- **ASSIGNED TASK**
Every line of the listing below from the one with "sheer goddess dress" up to and including the one with "Mobile control Icons - Acme Series" should be retyped exactly, and nothing else; pictures are not part of the copy.

- **RECORDS SHOWN**
========================

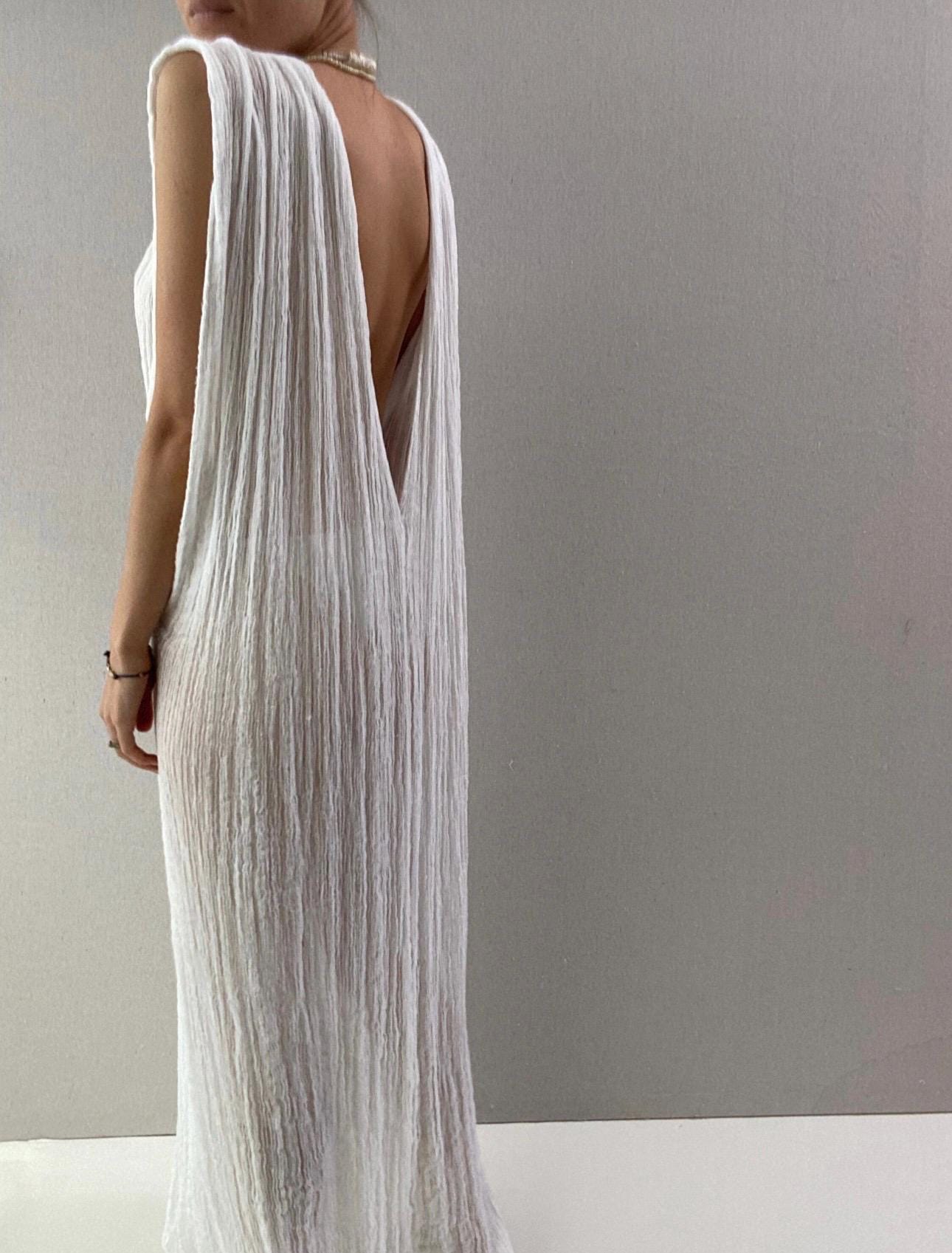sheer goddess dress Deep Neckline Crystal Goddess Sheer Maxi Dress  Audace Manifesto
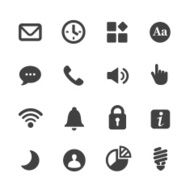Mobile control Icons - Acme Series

========================

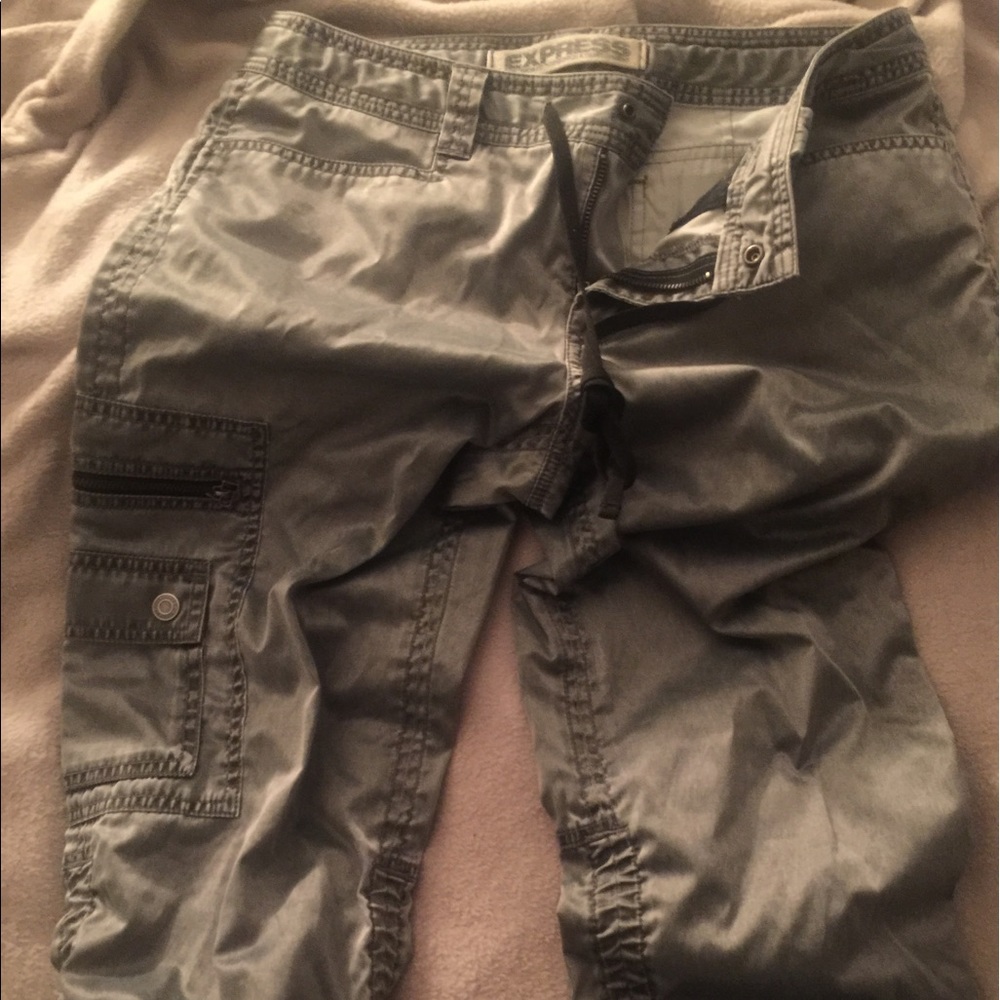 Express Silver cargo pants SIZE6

========================

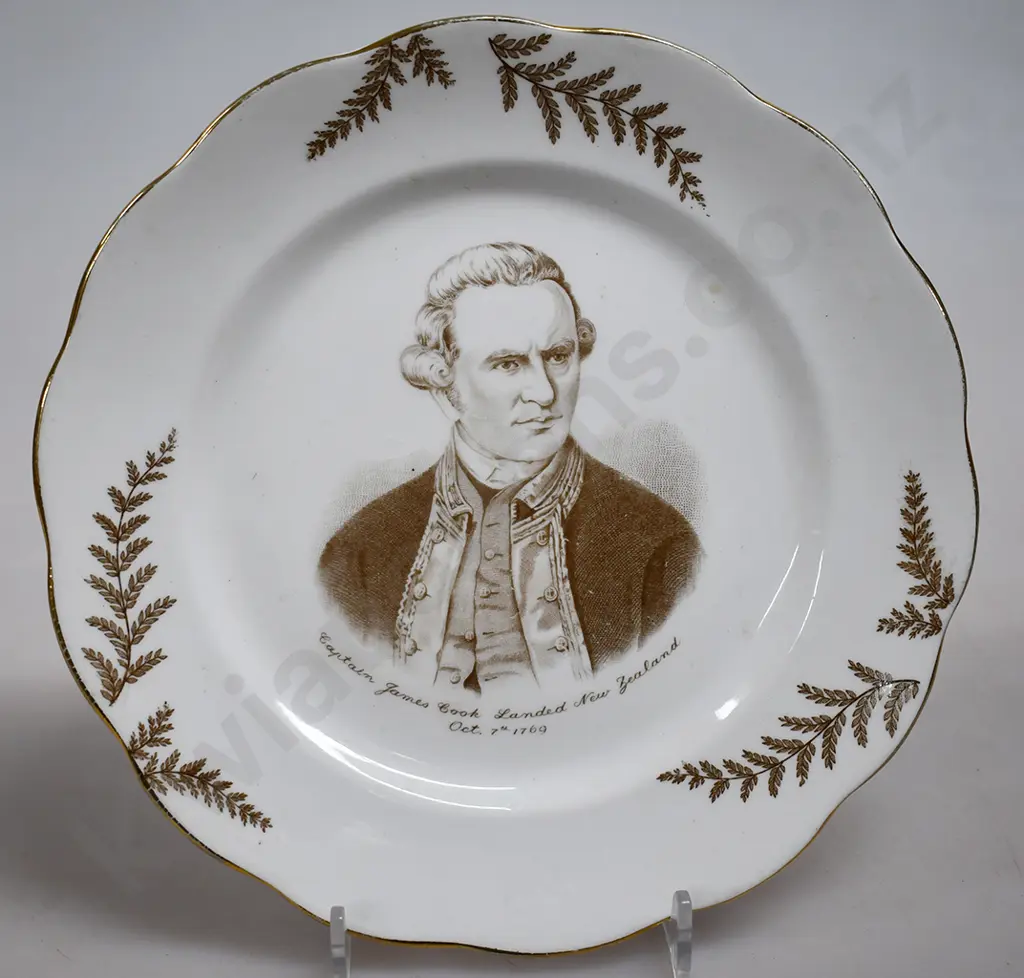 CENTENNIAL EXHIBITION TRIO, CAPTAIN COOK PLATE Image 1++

========================

- **THE ANSWER**
sheer goddess dress Deep Neckline Crystal Goddess Sheer Maxi Dress  Audace Manifesto
Mobile control Icons - Acme Series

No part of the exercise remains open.